Esta concepción, que de alguna forma está presente en las doctrinas de Confucio y de Buda, se hace patente en la filosofía griega, de donde la toman los romanos. Para el pensamiento griego, esta "mediocritas" fue un atributo de la belleza: simetría, proporción y armonía. Es decir, la justa medida, el equilibrio sin excesos. En las Odas del escritor romano Horacio (siglo I a.C.), aparece como tema poético. Un fragmento dice:
Auream quisquis mediocritatem / diligit, tutus caret obsoleti / sordibus tecti, caret invidenda / sobrius aula.
"El que se contenta con su dorada medianía / no padece intranquilo las miserias de un techo que se desmorona, / ni habita palacios fastuosos / que provoquen a la envidia".
Luego, otros autores romanos tomaron el tema, ponderando siempre la dorada medianía, inmersos en una civilización que comenzaba a abordar excesos de todo tipo. Dentro de los patrones de ética, el Aurea Mediocritas es fundamental, como búsqueda de la virtud sin extremos, pero sin renegar de aquello que nos hace bien. No se busca un ascetismo o un estoicismo. Se busca la satisfacción.

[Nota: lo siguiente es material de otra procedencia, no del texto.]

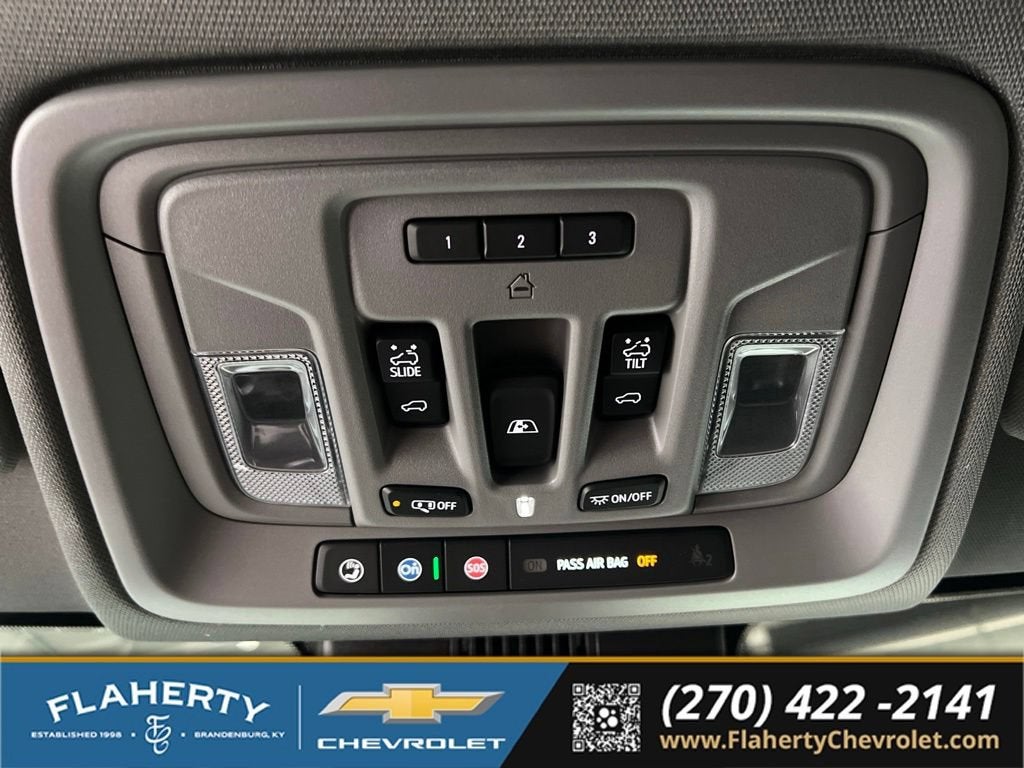 2025 Chevrolet Silverado 1500 RST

En la Edad Media esa idea estuvo latente en aquellos religiosos que entienden al cristianismo como la búsqueda de la justicia divina, y de ahí en más, esa idea se ha mantenido. Pero curiosamente en nuestro idioma, la palabra "mediocridad", que sería la traducción literal ("Dorada Mediocridad"), ha tomado un giro de connotaciones negativas, por lo que hoy se entiende como mediocre a aquello de calidad media, o de poco mérito, usualmente tirando a malo, lo cual es una pena porque la mediocridad, es decir, la búsqueda de la medianía, del equilibrio, del control de los desmanes, del disfrute de lo bueno sin propasarse, debería ser un norte en nuestro actual mundo de excesos.